© Universal (aus: "The Outsiders")

Uniform der Individualisten

Samstag, 20.06.2020

Über die denkwürdigen Auftritte der Jeansjacke im Kino

Diskussion

Die Jeansjacke ist kein Kleidungsstück wie jedes andere. Wie bei kaum einem anderen Modeartikel hat das Kino dazu beigetragen, Jeansjacken zum Symbol für zahllose Formen des Außenseitertums zu machen. Wo sie in Filmen auftauchen, weisen sie ihre Figuren als Outlaws, Rebellen und Einzelgänger aus, die abseits der Mehrheitsgesellschaft stehen und diese demonstrativ für ihre Konventionen verachten. Eine Hommage.



In Breakfast Club – Der Frühstücksclub (1985) schickt Regisseur John Hughes fünf High-School-Archetypen zum Nachsitzen. Das sind der einfach gestrickte Sportler, die „Prinzessin“ aus gutem Haus, der Mathe-Nerd, die leicht psychopathische Außenseiterin sowie der gegen alles rebellierende Problemschüler. Der heißt John (Judd Nelson), stammt aus einer zerrütteten Familie, steuert auf eine kriminelle Zukunft hin und tritt seinem Umfeld mit provokativer Verachtung entgegen. Er ist ein nervtötender und asozialer Typ, aber mit seiner konfrontativen Art gelingt es ihm schließlich, die Ängste und Sehnsüchte seiner Mitschüler freizulegen.

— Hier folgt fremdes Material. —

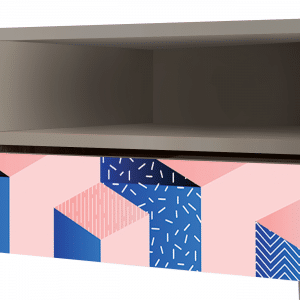 Sideboard - STORYZ - T3 Pinky Squares - Sand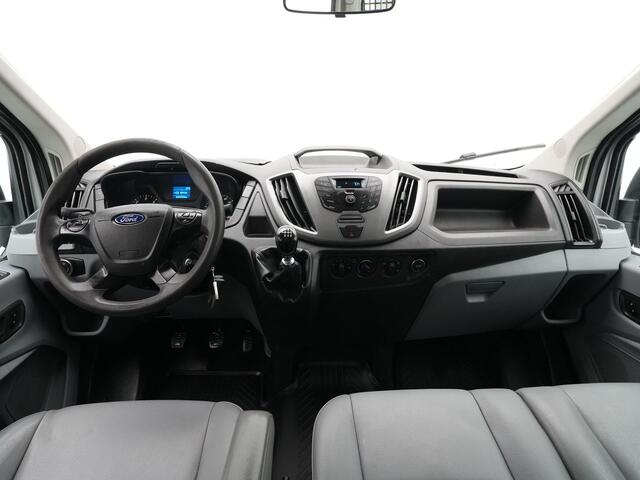 Ford TRANSIT 350 2.0 TDCI L2H1 DC Ambiente Bluetooth Metallic Radio Kunstleder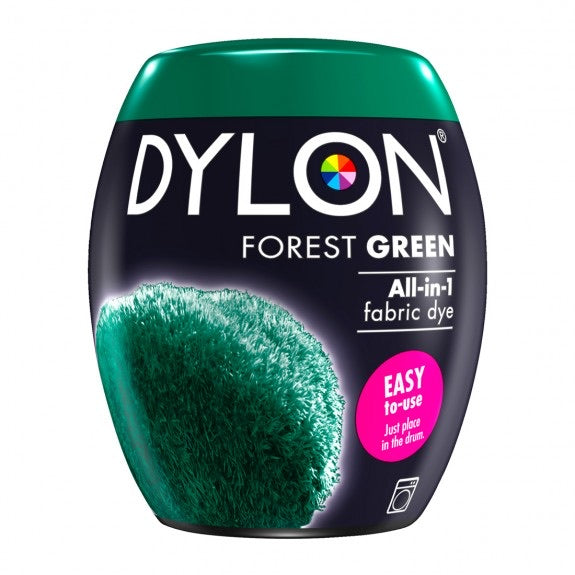 DYLON MACHINE DYE FOREST GREEN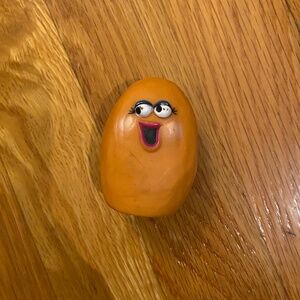 McDonalds Chicken McNugget Toy Figure Blue Eyeshadow 1988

Ein wesentliches Detail ist, was John trägt: eine Jeansjacke; genau genommen das im Jahr 1962 auf den Markt gebrachte Levi’s Trucker Jacket mit Brust-, aber keinen Seitentaschen und konisch zulaufenden gelben Nähten. Dabei ist es nicht nur das Kleidungsstück, in dem sich die Unangepasstheit der Figur manifestiert, sondern auch die Art, wie es getragen wird: Mit den aufgeknöpften Ärmelenden und dem verloren abstehenden Kragen signalisiert John auf aggressive Weise Gleichgültigkeit.

Signal der Unangepasstheit: Die Levis Trucker Jeansjacke von Judd Nelson (r.) in "Breakfast Club"
Signal der Unangepasstheit: Die Levi's Trucker Jeansjacke in "Breakfast Club" Universal)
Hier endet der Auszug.